• PROMPT
Using the data below, output a verbatim copy of the lines between the one holding "In computer vision" and the one holding "I can also choose", inclusive, without any pictures.

• DATASET EXTRACT
• • • • •

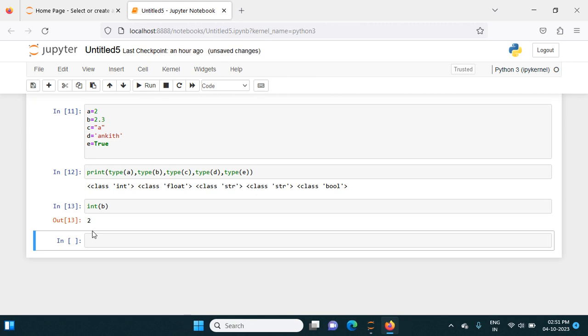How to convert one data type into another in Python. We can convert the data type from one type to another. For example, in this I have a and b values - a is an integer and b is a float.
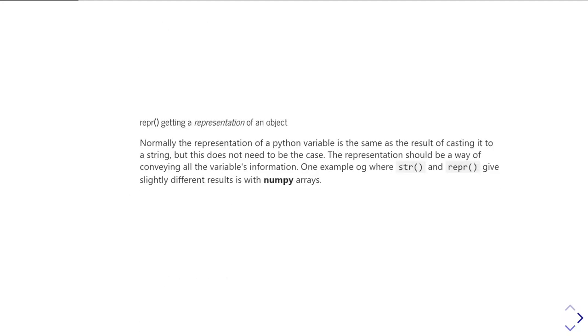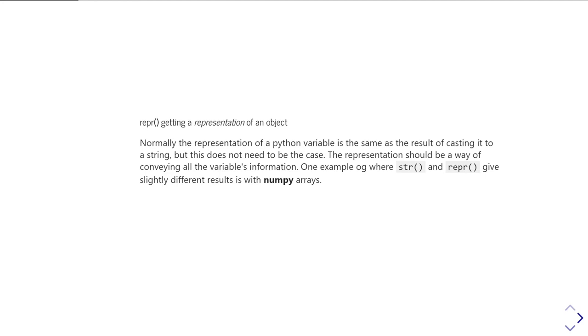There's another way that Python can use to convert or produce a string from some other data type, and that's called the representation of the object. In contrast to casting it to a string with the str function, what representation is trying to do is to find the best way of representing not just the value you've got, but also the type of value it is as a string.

• • • • •

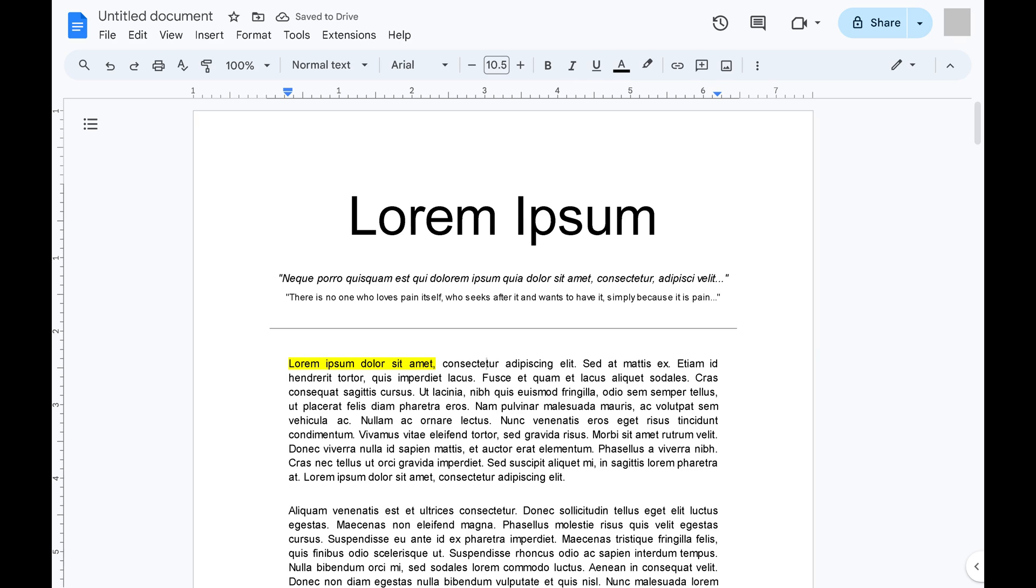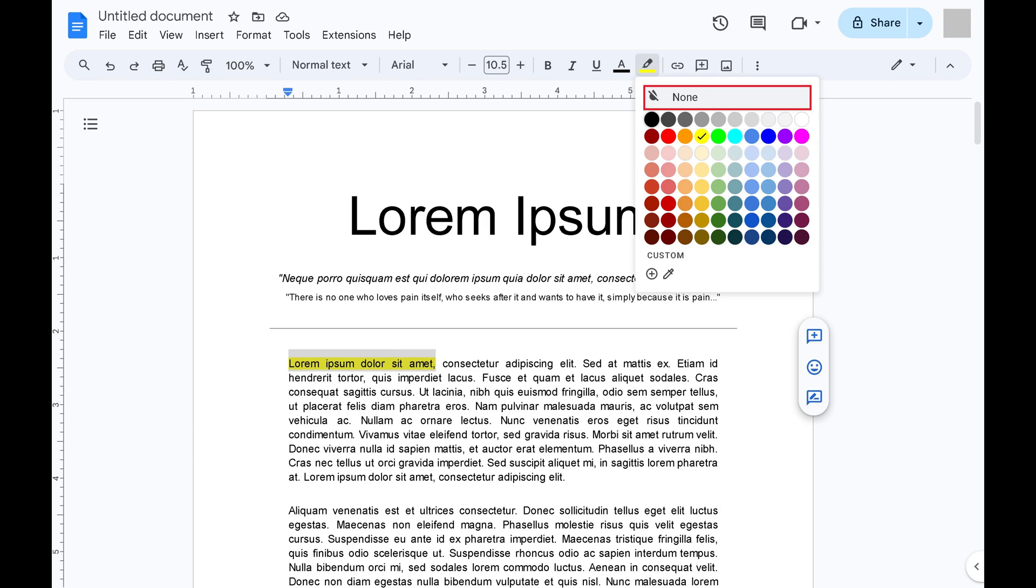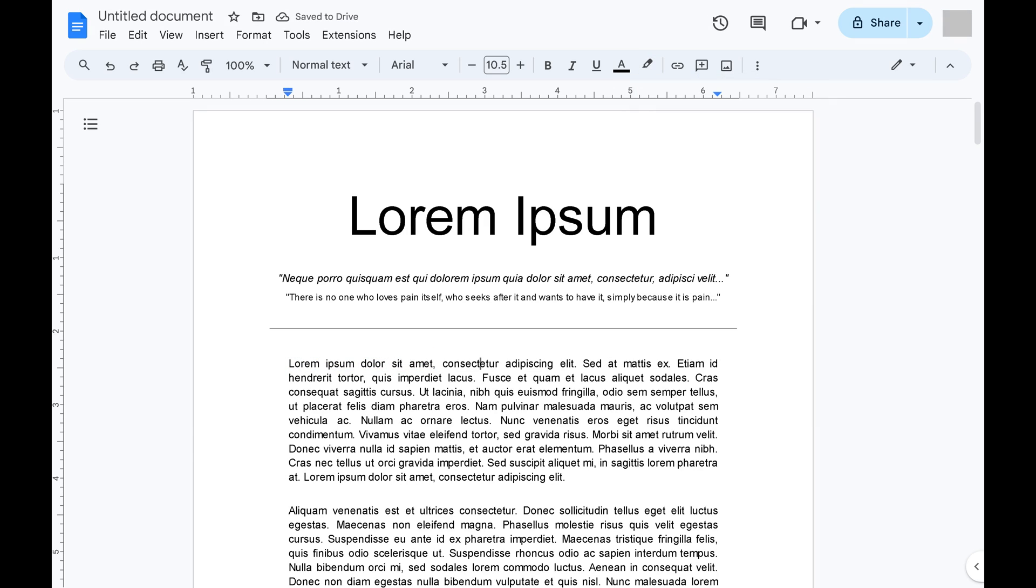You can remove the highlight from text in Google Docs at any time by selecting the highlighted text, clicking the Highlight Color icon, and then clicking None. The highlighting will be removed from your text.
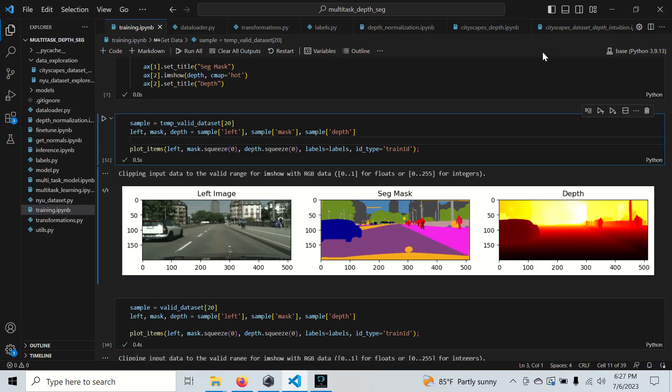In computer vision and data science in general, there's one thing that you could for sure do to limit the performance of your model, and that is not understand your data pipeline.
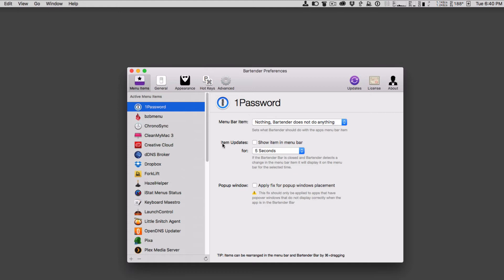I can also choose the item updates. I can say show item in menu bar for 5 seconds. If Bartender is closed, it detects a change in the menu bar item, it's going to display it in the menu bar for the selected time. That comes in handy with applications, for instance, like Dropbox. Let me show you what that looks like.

• • • • •

• WORKED SOLUTION
In computer vision and data science in general, there's one thing that you could for sure do to limit the performance of your model, and that is not understand your data pipeline.
I can also choose the item updates. I can say show item in menu bar for 5 seconds. If Bartender is closed, it detects a change in the menu bar item, it's going to display it in the menu bar for the selected time. That comes in handy with applications, for instance, like Dropbox. Let me show you what that looks like.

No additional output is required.